Below are some records; quote exactly the lines from the one that contains "মেঘ কাটিয়ে রোদ উঠবে, কমবে তাপমাত্রা" through the one that contains "377 W Bell Ave Property Photo 3", inclusive, and no others.

[Saved entries]

═══

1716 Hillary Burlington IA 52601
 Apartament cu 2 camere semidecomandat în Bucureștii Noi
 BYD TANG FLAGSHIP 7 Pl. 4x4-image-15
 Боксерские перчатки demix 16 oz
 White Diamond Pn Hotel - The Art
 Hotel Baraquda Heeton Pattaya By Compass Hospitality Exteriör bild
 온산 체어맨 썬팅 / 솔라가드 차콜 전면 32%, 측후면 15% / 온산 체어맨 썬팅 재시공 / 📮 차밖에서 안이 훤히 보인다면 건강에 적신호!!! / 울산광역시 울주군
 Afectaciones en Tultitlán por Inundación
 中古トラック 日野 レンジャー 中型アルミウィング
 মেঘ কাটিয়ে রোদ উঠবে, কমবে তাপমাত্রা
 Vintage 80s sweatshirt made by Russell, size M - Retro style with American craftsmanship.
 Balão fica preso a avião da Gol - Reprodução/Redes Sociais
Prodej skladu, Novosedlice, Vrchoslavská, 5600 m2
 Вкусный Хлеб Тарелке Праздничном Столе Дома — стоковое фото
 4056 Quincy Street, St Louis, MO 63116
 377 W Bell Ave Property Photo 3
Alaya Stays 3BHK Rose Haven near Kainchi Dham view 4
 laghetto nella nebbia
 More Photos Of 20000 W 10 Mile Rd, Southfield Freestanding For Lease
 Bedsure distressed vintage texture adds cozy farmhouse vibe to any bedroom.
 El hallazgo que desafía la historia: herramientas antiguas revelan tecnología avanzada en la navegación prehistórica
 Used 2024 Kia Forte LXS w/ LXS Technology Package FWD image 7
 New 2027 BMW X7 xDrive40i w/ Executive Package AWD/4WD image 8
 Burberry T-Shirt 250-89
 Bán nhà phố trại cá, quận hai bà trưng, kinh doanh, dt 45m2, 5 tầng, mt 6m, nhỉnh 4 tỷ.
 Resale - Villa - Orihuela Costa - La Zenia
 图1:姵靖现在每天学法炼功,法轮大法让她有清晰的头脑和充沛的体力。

═══

Task output ::
 মেঘ কাটিয়ে রোদ উঠবে, কমবে তাপমাত্রা
 Vintage 80s sweatshirt made by Russell, size M - Retro style with American craftsmanship.
 Balão fica preso a avião da Gol - Reprodução/Redes Sociais
Prodej skladu, Novosedlice, Vrchoslavská, 5600 m2
 Вкусный Хлеб Тарелке Праздничном Столе Дома — стоковое фото
 4056 Quincy Street, St Louis, MO 63116
 377 W Bell Ave Property Photo 3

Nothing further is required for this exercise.